Comparative Example 14

(54) Bisphenol A diglycidyl ether (14.0 g) and n-butyl acrylate (2.0 g) were mixed, spread out flat in a dish (diameter: 5 cm), and heated in a vacuum drying cabinet at 80 C. for 2 hours.

(55) Analysis of the material by .sup.1H NMR spectroscopy gave no indications of a reaction between bisphenol A diglycidyl ether and n-butyl acrylate.

Comparative Example 15

(56) Bisphenol A diglycidyl ether (14.0 g), isophoronediamine (3.5 g), and n-butyl acrylate (1.5 g) were mixed, spread out flat in a dish (diameter: 5 cm), and heated in a vacuum drying cabinet at 80 C. for 2 hours.

(57) 0.1 g of the material was stored overnight in deuterated DMSO (about 0.05 g/ml) and subsequently isolated by filtration. n-Butyl acrylate was detectable in the filtrate using .sup.1H NMR spectroscopy.

Comparative Example 16

(58) Bisphenol A diglycidyl ether (14.0 g), isophoronediamine (4.0 g), and n-butyl acrylate (1.5 g) were mixed, spread out flat in a dish (diameter: 5 cm), and heated in a vacuum drying cabinet at 80 C. for 2 hours.

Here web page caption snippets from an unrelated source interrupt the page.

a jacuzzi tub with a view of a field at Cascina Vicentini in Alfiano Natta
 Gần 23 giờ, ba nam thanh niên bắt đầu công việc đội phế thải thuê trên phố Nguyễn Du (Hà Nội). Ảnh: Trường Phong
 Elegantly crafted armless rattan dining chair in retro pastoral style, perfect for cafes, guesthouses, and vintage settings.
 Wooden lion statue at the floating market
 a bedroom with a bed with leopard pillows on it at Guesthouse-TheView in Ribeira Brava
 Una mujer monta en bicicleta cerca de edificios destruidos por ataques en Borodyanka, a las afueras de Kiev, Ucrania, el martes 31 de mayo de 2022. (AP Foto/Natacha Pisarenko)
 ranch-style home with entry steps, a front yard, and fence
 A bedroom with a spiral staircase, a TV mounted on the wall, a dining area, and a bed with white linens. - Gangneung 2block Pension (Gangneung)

(59) 0.1 g of the material was stored overnight in deuterated DMSO (about 0.05 g/ml) and subsequently isolated by filtration. n-Butyl acrylate was detectable in the filtrate using NMR spectroscopy.

(60) From comparative examples 15 and 16 relative to comparative example 8 it is evident that even in the case of relatively large amounts of amine, there is insufficient covalent incorporation of the n-butyl acrylate in the course of the curing of the composition.

(61) It is evident that the use of the curable composition of the invention rather than curable compositions which comprise diluents such as benzyl alcohol or n-butyl acrylate permits covalent incorporation of the acrylic ester in the course of the curing of the composition.